A 21-YEAR-old woman has shown that it is possible to turn life away from crime or its associations by taking the initiative to educate and rehabilitate.
Sarah O’Keefe was before Judge Eamon O’Brien when accused of attempting to bite members of the emergency service as they attended to her while lying on the street, helpless and heavily intoxicated.

Having had her case first heard in mid October, Ms O’Keefe, originally from County Limerick, and who, as described by her solicitor, took a wrong path, having suffered from mental health issues which she attempted to handle, turned to a life of addiction and embroiled and associated herself with unsuitable company.
Ms O’Keefe, however, had offered the court her extraordinary story and her efforts and choices taken to turn her life around.
This was something that Judge Eamon O’Brien originally gave credit for.
At an earlier sitting, the court heard that Ms O’Keefe had a number of previous convictions and that she was found lying on the street last May in a bad way after a bout of drinking fuelled by her addiction.
Judge O’Brien had noted that it was indeed “outrageous behaviour” for Ms O’Keefe to attack the people out to help her.
Her solicitor, Darach McCarthy, told the judge that Ms O’Keefe made some extraordinary efforts to immediately change her ways.
He told the court that Ms O’Keefe, in an effort to take matters in hand and not let her life spiral further out of control, sought to overcome her position as a “woman mistreated”.
She immediately disassociated herself with the company she was in, signed up, voluntarily, for a care and rehabilitation programme at Knocklee House, Tralee, and embarked and attained a FETAC level 5 qualification in care assistance.

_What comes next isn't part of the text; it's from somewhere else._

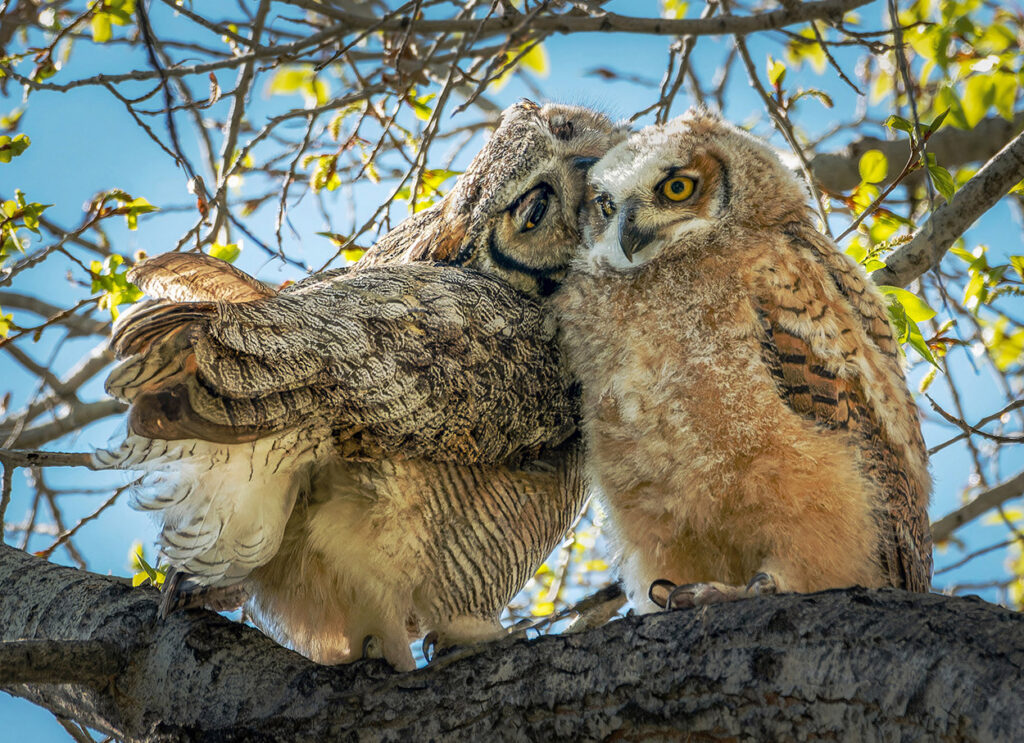 Great horned owl parent and owlet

Furthermore, Mr McCarthy told the court that his client was now sober and that she had enrolled and started a “degree course in social working at a Community College in Tralee”.
References and letters outlining her recent success in completing courses and rehabilitation were submitted to the court.
Judge O’Brien noted that “not everyone comes from a good background,” and that it was inexcusable behaviour, but he did give credit for the efforts made, and was moved to see that Ms O’Keefe was changing her ways.
Ms O’Keefe had been ordered to engage with the Probation Services and for them to furnish the court with an independent report to support or refute the co-operation and efforts made.
The matter was returned to court last week and defence solicitor Mr McCarthy, noted that the report was one of the most positive he had ever seen, and that it was clear that the work down by Ms O’Keefe was “extraordinary and genuine”.
The recommendation of the “exceptional report” was that Ms O’Keefe be bound to the Probation Services for a period of six months and that she engage and co-operate with them at all times.